Oh, I know they did. As I was saying my goodbyes to my sweetheart my and parents, they injected something into my IV. My dad, in response to the injection said, “You’re gonna be in another world in about 1.5 minutes.” Then they wheeled me into the operating room and a giant man helped me to the edge of the bed. We locked arms like in an eighth-grade dance while they put an epidural into my spine. As I drifted off to sleep (in that giant man’s arms), I remember him saying in a very deep voice, “You gonna do just fine.” When I woke up, they had also put a catheter in my urethra! I couldn’t feel anything below the belt. Not my leg or any of my “importants.” Couldn’t control anything down there. I didn’t even wanna look at it! But I like to think that after still-life-slow-dancing me to sleep, that giant sweet man also inserted that thing into my little man. I’m glad I was asleep for that part, but I’m sorry I never got to thank him for it.

You don’t take drugs recreationally very often compared to most musicians I know. What was it like to be “high” for that long? Did you do anything while under the influence that is out of character for you?

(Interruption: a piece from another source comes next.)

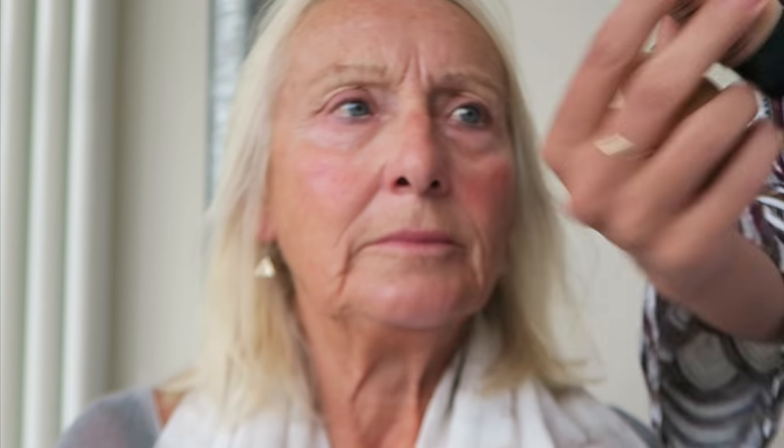I'm going to take this NYX Stay Matte But Not Flat foundation in the shade Nude 02, and it's quite good actually because Judy is pretty much the same shade as me, isn't she? I'm literally going to put this on — oh, it's quite orange. Don't you put concealer on first? I will be, but not first. I mean I suppose I should to cover things, but we're going to be unconventional today. Oh that's quite orange, isn't it? Don't worry about it, Jude.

Ah shit, I was afraid you were going to ask me about this. The answer is yes, yes I did. But let me preface this by saying that the meds I was on gave me a lot of energy and drive but they also made my memory only last a little while. It was great because I was really inspired and I was able to stay in the moment really well! But the embarrassing part was that I felt really inspired with bad ideas and I was compelled to write lots of emails, to lots of people. I sent a few to some “higher-up” people in the music business, asking for really odd favors and then completely forgot about them! I didn’t really understand when I started seeing nervous and anxious replies in my inbox. This was days later, so I started to look in my outbox to figure it out, because the emails I had apparently sent seemed too weird to be from me. Shit, it was so embarrassing. Like this one: I had written a song in the hospital about the movie Her and I thought it was the best song and that maybe it would finally put me on the map! And maybe, just maybe, if I could get it in Rolling Stone, Scarlett Johansson and Joaquin Phoenix would probably feel compelled to visit me in the hospital! I figured I’d bypass the Make A Wish Foundation and cash in whatever semi-celebrity chips I was holding

You are pretty much healed up now? What’s next in your life? Do you feel like this operation will give you a “leg up” in the music business?
Nice one. Well, I have a new record coming out this year. It’s called Sweet Creep, and I’m very proud of it. I’m planning on touring it and really pushing it, like we do, but not sure yet where the hell it’ll get released. I don’t know, man, I’m just really happy with life these days. I feel brand new, and I just want to “stay ahead of the pain,” as they say in the hospital. I want to keep making music that I want to make. I want to never read another review of mine. I want to keep treating people well. I want to keep my van running well. I want to exercise and love my sweet woman, and I want to not answer to anyone. That’s really it. I’m doing a great job, and I’m really grateful that I have a lot of people who love me and a lot of people I love. I think I’ve cracked the code. Stay ahead of the pain! Because if you let it get ahead of you, you may never catch it again.